__DATA SHOWN__:
▽
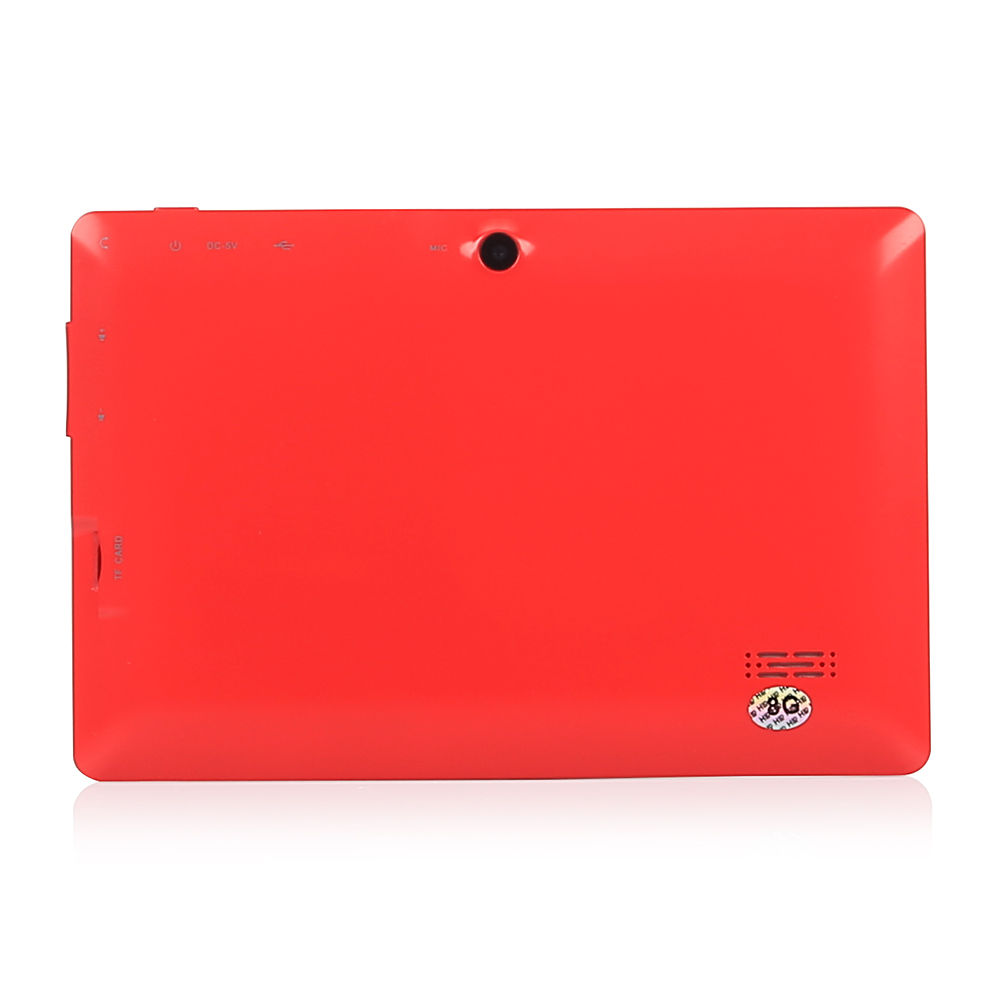 16G 7" Google Android 4.4 Dual Cameras WiFi Bluetooth Tablet PC Pad US Stock - Picture 31 of 47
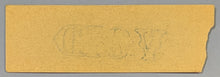 Load image into Gallery viewer, 1936 Toronto vs. McGill Football Ticket Stub at Percival Molson Memorial Stadium
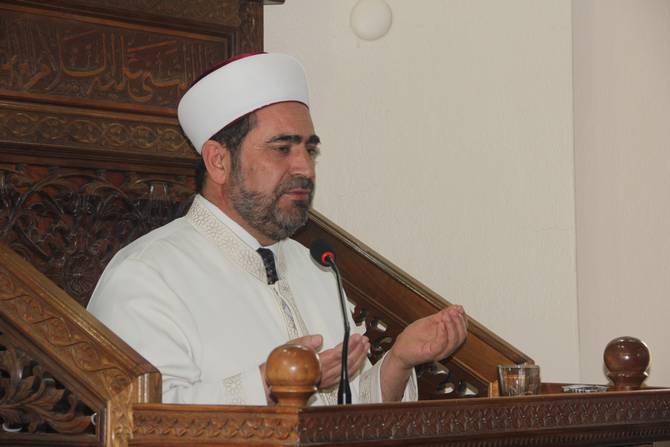 Polis haftası nedeniyle Mevlid-i Şerif okundu 6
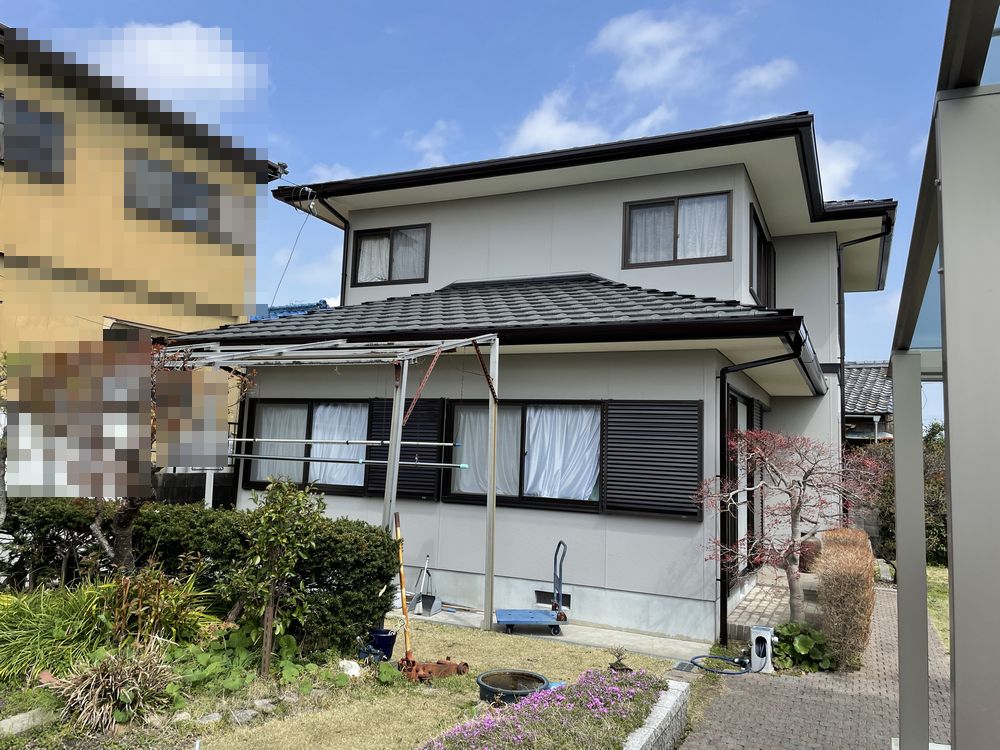松阪市 外壁塗装 リペイント匠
△
__EXERCISE DIRECTIONS__:
In the copy, include no pictures; everything else in the material should be written out exactly.

__RESULT__:
 16G 7" Google Android 4.4 Dual Cameras WiFi Bluetooth Tablet PC Pad US Stock - Picture 31 of 47
 Load image into Gallery viewer, 1936 Toronto vs. McGill Football Ticket Stub at Percival Molson Memorial Stadium
 Polis haftası nedeniyle Mevlid-i Şerif okundu 6
松阪市 外壁塗装 リペイント匠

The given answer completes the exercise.